Reputation: 31546
I am writing some spark code and I have an RDD which looks like
[(4, <pyspark.resultiterable.ResultIterable at 0x9d32a4c>),
(1, <pyspark.resultiterable.ResultIterable at 0x9d32cac>),
(5, <pyspark.resultiterable.ResultIterable at 0x9d32bac>),
(2, <pyspark.resultiterable.ResultIterable at 0x9d32acc>)]
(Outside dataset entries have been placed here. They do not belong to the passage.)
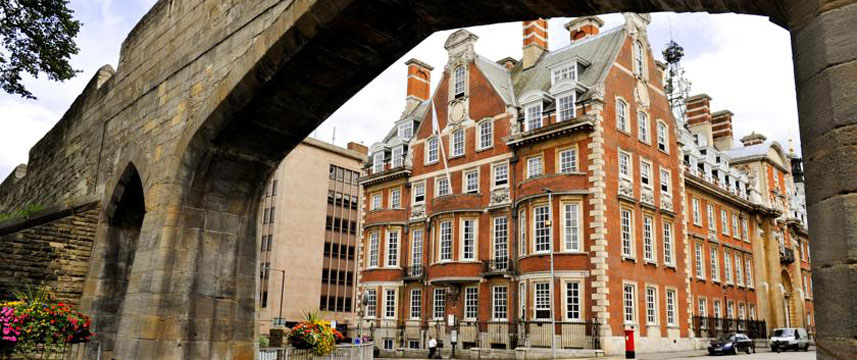 Cedar Court Grand Hotel Exterior Cedar Court Grand Hotel Exterior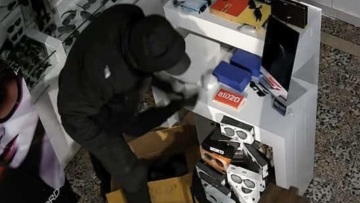 Διάρρηξη με λεία 20.000 ευρώ σε κατάστημα οπτικών στη Χαλκιδική, κάμερα ασφαλείας έπιασε τους δράστες με την κούτα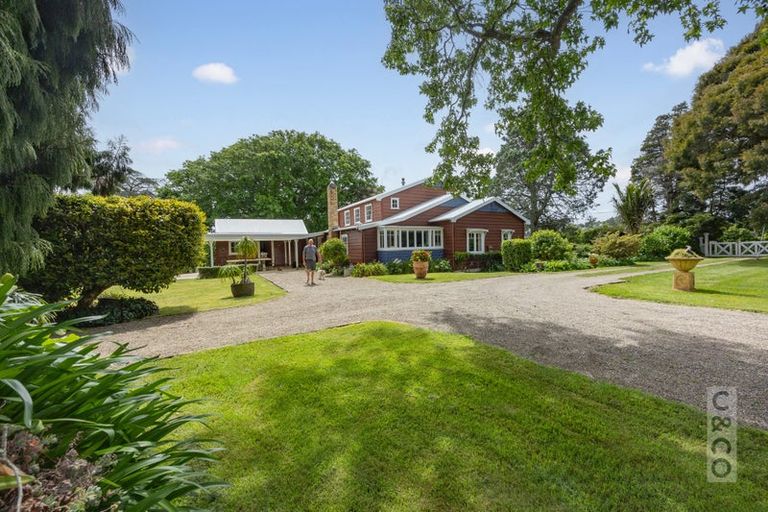 Photo of property in 218 Pomona Road, Kumeu, 0891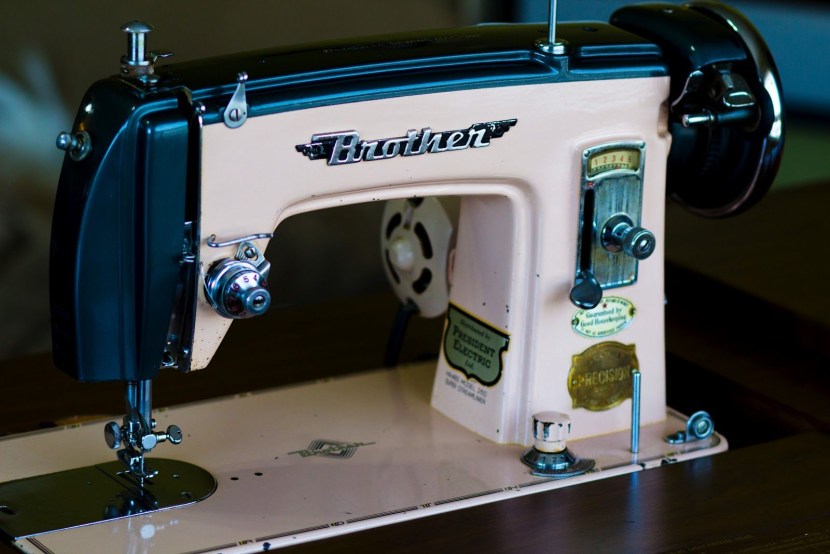 Zinger sewing machine Heavy Duty 4424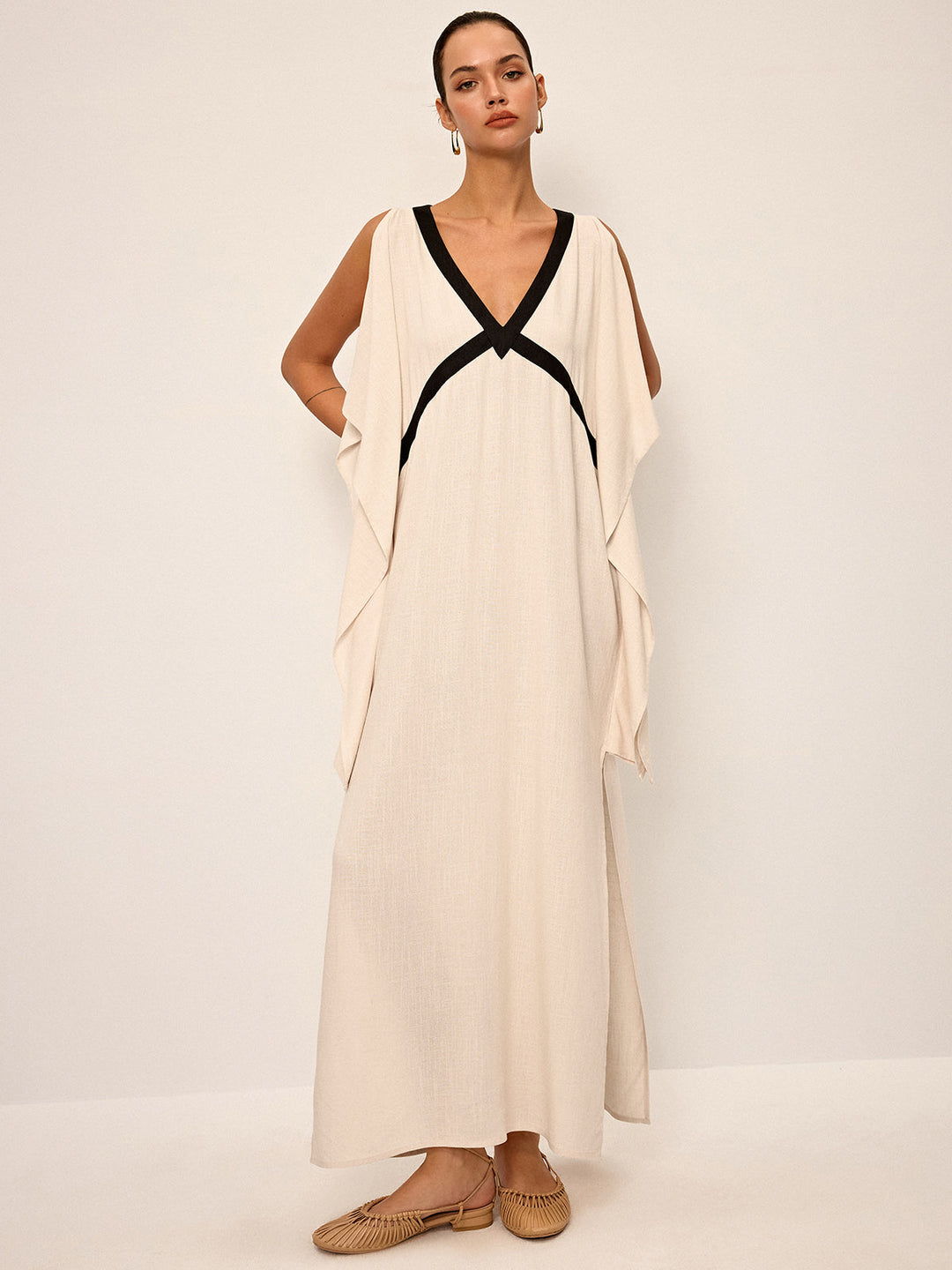 Contrast Trim Maxi Dress with Slit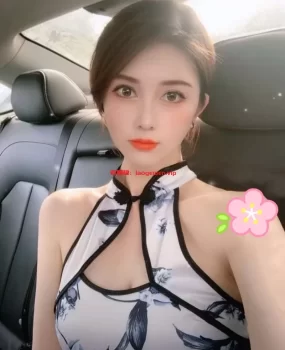 玩了个跟小姨子长的很像的旗袍骚货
What I need to do is to call a distinct on the pyspark.resultiterable.ResultIterable
I tried this
def distinctHost(a, b):
p = sc.parallelize(b)
return (a, p.distinct())
mydata.map(lambda x: distinctHost(*x))
But I get an error:
Exception: It appears that you are attempting to reference SparkContext from a broadcast variable, action, or transforamtion. SparkContext can only be used on the driver, not in code that it run on workers. For more information, see SPARK-5063.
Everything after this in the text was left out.